EXERCISE DIRECTIONS. As output, give the exact lines from the one containing "Winter conceptual image. Ice desert." through the end of the listing below, both included, without the pictures.

STORED DATA.
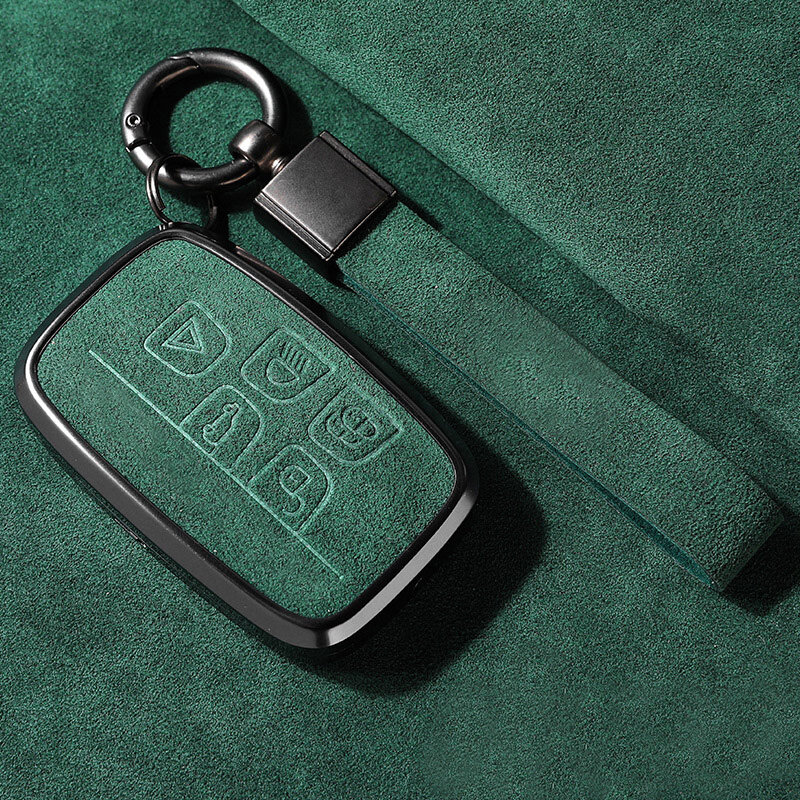 Porte-clés en daim véritable, coque en fourrure, housse de protection pour clé de voiture Land Rover Range Rover Discovery Sport Freelander 4 3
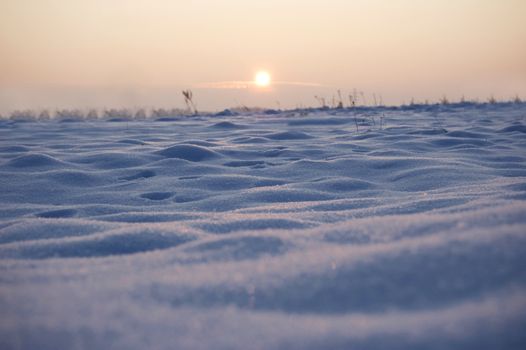 Winter conceptual image. Ice desert.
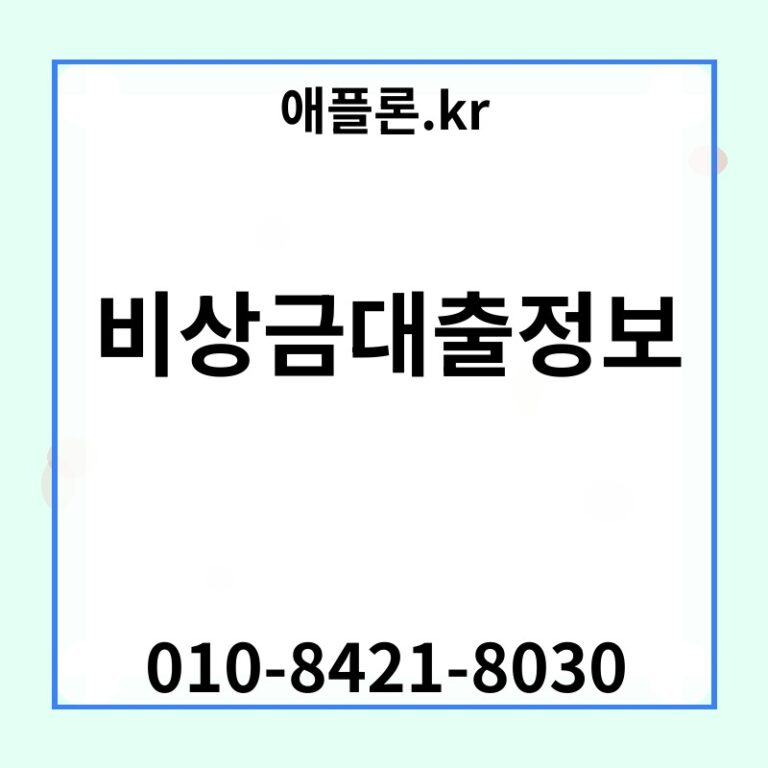 비상금대출정보 | 애플론.kr | 010-8421-8030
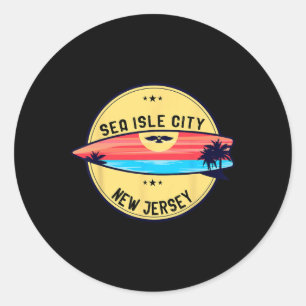 Pegatina Redonda Playa retro de Sea Isle City, Nueva Jersey, Surfin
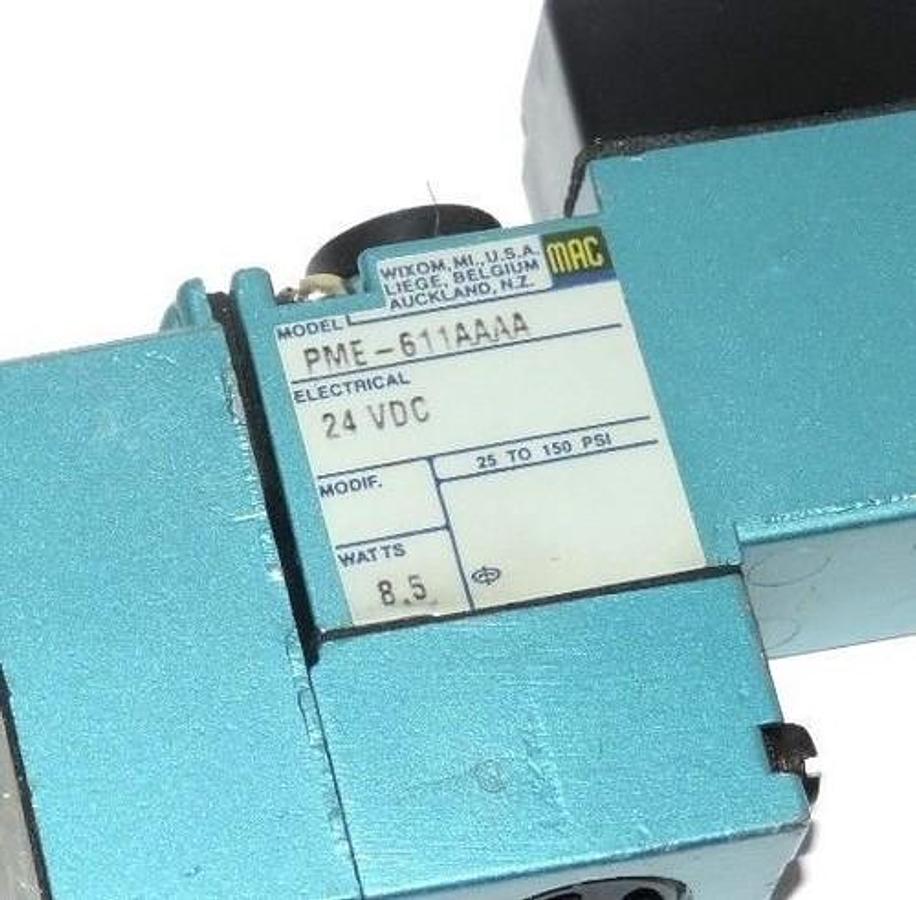 Used MAC 811C-PM-611AA-122 VALVE W/ PME-611AAAA SOLENOID VALVE 24VDC 8.5W 120PSI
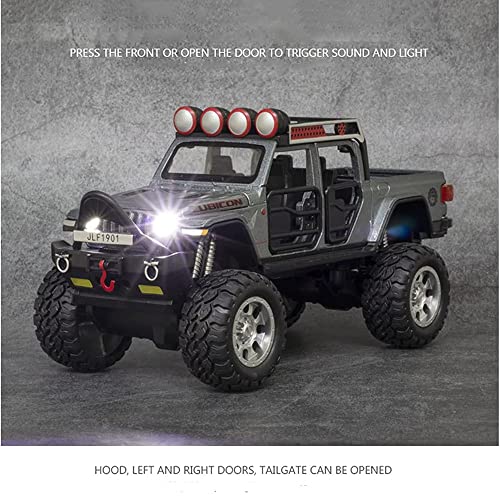 Image of DEUSON ECOM 1:32 Rubicon Toy Car for Kids Diecast Metal Model Cars Light Sound Pull Back Toy Car for Kids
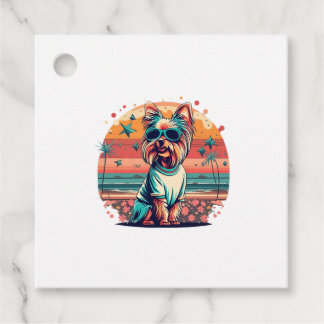 Dog wearing glasses on the beach favour tags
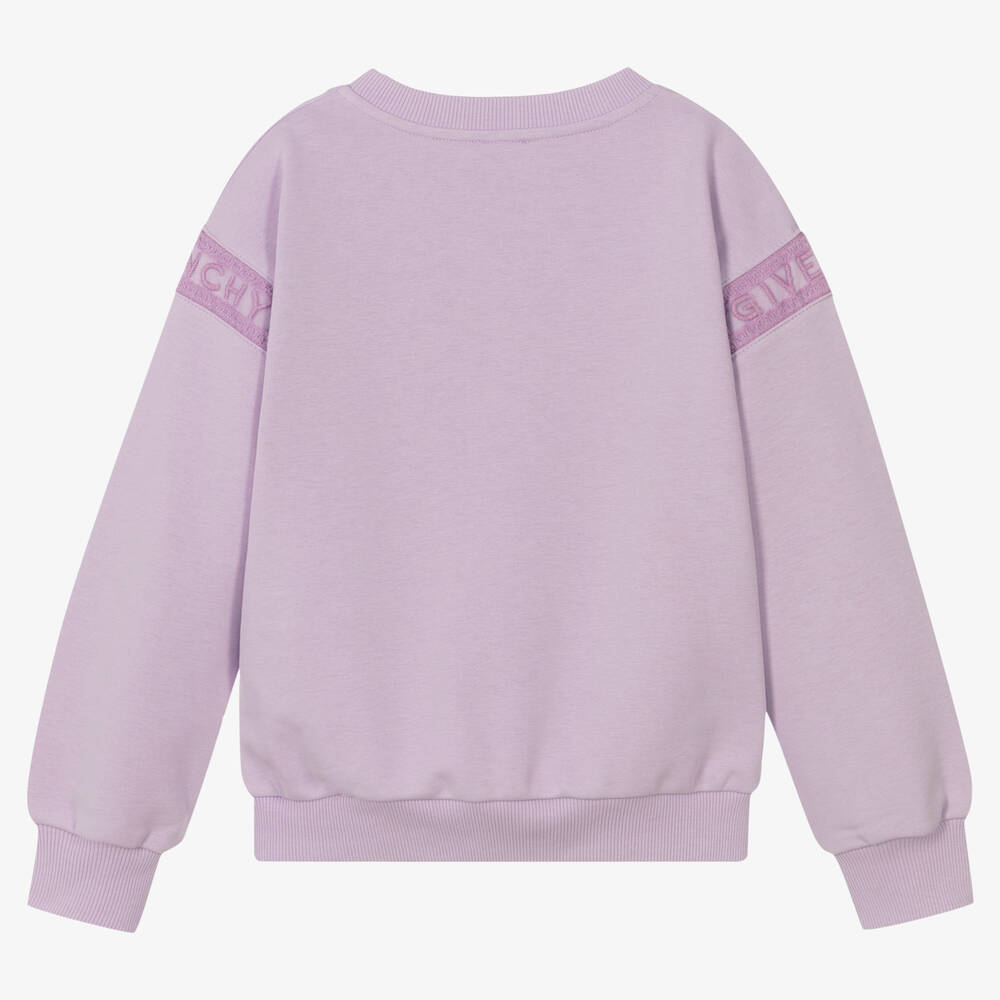 Givenchy-سويتشيرت تينز بناتي قطن جيرسي لون بنفسجي | Childrensalon Outlet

FINISHED EXERCISE.
 Winter conceptual image. Ice desert.
 비상금대출정보 | 애플론.kr | 010-8421-8030
 Pegatina Redonda Playa retro de Sea Isle City, Nueva Jersey, Surfin
 Used MAC 811C-PM-611AA-122 VALVE W/ PME-611AAAA SOLENOID VALVE 24VDC 8.5W 120PSI
 Image of DEUSON ECOM 1:32 Rubicon Toy Car for Kids Diecast Metal Model Cars Light Sound Pull Back Toy Car for Kids
 Dog wearing glasses on the beach favour tags
 Givenchy-سويتشيرت تينز بناتي قطن جيرسي لون بنفسجي | Childrensalon Outlet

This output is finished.